Personalmente ho sempre sposato l’idea della verosimiglianza narrativa, inclusa quella linguistica. Tanto che, così come mi parrebbe strano leggere un romanzo storico in una lingua attualizzata, allo stesso modo troverei incoerente un romanzo di fantascienza scritto senza tenere nella dovuta considerazione l’aspetto evolutivo della lingua, la sua abilità plastica ed elastica di aderire alle modificazioni sociali, la sua versatilità semantica a modellarsi lungo i contorni dei cambiamenti tecnologici e delle innovazioni scientifiche.


Tuttavia la lettura de L’Atlante delle Nuvole non è assolutamente un viaggio di esplorazione storico-geografica, né un attraversamento socio-politico che abbraccia tre, quattro secoli di vita umana.

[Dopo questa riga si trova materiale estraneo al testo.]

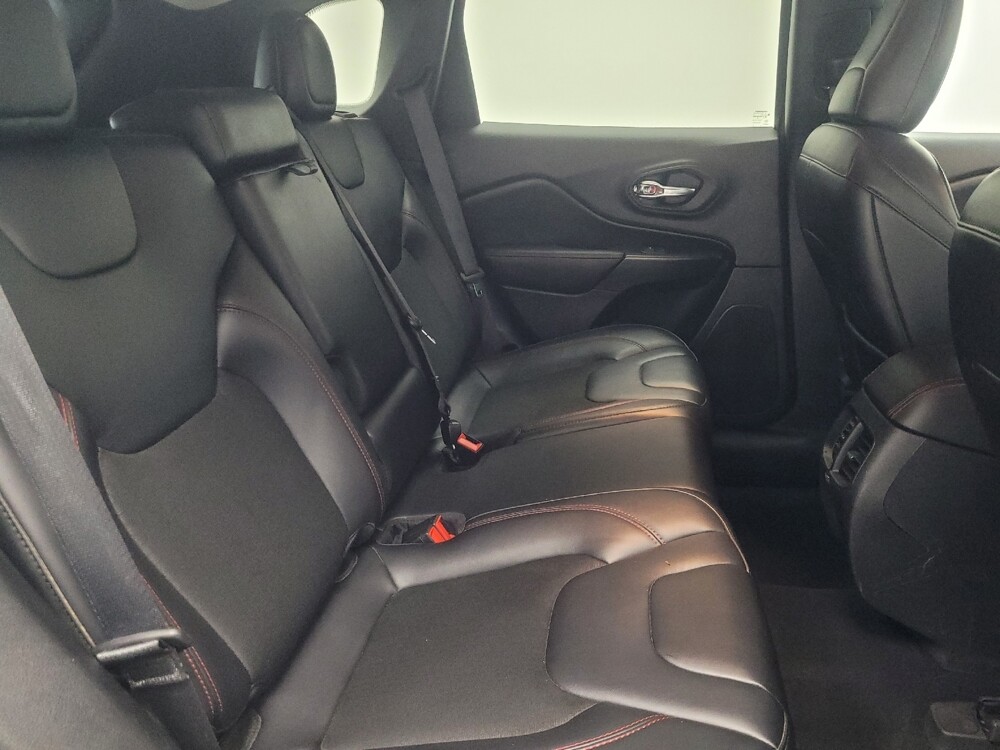 2020 Jeep Cherokee in Ft Wayne, IN 46805 - 18113966 19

Perché un viaggio porterebbe il lettore/viaggiatore da qualche parte, mentre invece, così come i cicloni e gli anticicloni, i fronti caldi e i fronti freddi vanno e vengono, movimentando l’atmosfera della Terra senza fine, né scopo apparente, allo stesso modo le vicende dei personaggi sembrano rimandare l’una all’altra, influenzandosi reciprocamente in una maniera che, se definire mistica sarebbe forse troppo forte, limitarsi a chiamare quantistica – come la fisica teorica ha dimostrato mediante esperimenti di “entanglement” –  sarebbe più appropriato.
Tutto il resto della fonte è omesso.